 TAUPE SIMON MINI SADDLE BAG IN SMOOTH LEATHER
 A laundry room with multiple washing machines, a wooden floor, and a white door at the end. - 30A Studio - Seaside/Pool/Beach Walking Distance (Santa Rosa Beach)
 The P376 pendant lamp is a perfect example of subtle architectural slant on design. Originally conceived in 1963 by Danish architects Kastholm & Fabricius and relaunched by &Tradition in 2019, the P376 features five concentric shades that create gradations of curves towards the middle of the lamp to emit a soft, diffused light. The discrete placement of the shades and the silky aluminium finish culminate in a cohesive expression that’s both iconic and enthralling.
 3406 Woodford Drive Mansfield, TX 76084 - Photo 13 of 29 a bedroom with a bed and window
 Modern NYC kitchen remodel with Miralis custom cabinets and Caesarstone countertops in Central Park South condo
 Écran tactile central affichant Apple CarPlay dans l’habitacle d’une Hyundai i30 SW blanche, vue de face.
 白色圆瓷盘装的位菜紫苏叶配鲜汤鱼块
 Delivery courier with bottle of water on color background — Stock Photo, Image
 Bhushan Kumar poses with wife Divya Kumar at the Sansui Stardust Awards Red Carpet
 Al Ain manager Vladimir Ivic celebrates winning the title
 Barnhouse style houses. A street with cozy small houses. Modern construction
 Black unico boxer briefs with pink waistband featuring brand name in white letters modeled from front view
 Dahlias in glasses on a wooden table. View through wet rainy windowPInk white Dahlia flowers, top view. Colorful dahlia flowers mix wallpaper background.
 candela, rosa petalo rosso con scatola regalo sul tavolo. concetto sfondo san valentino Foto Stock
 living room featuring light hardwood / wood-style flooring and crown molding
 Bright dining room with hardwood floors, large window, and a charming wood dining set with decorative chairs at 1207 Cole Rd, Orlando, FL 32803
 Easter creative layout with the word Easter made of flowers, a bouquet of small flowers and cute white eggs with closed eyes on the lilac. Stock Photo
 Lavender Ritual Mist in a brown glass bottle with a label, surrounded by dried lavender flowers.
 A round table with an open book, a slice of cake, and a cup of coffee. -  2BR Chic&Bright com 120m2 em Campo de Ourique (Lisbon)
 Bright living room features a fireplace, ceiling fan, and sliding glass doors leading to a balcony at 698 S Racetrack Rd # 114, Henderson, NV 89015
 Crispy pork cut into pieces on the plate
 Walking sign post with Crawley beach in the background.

■ ■ ■ ■

Task to complete. Go through the material above and output exactly the lines from the one containing "Bhushan Kumar poses" through the one containing "Barnhouse style houses.".

Exercise output.
 Bhushan Kumar poses with wife Divya Kumar at the Sansui Stardust Awards Red Carpet
 Al Ain manager Vladimir Ivic celebrates winning the title
 Barnhouse style houses. A street with cozy small houses. Modern construction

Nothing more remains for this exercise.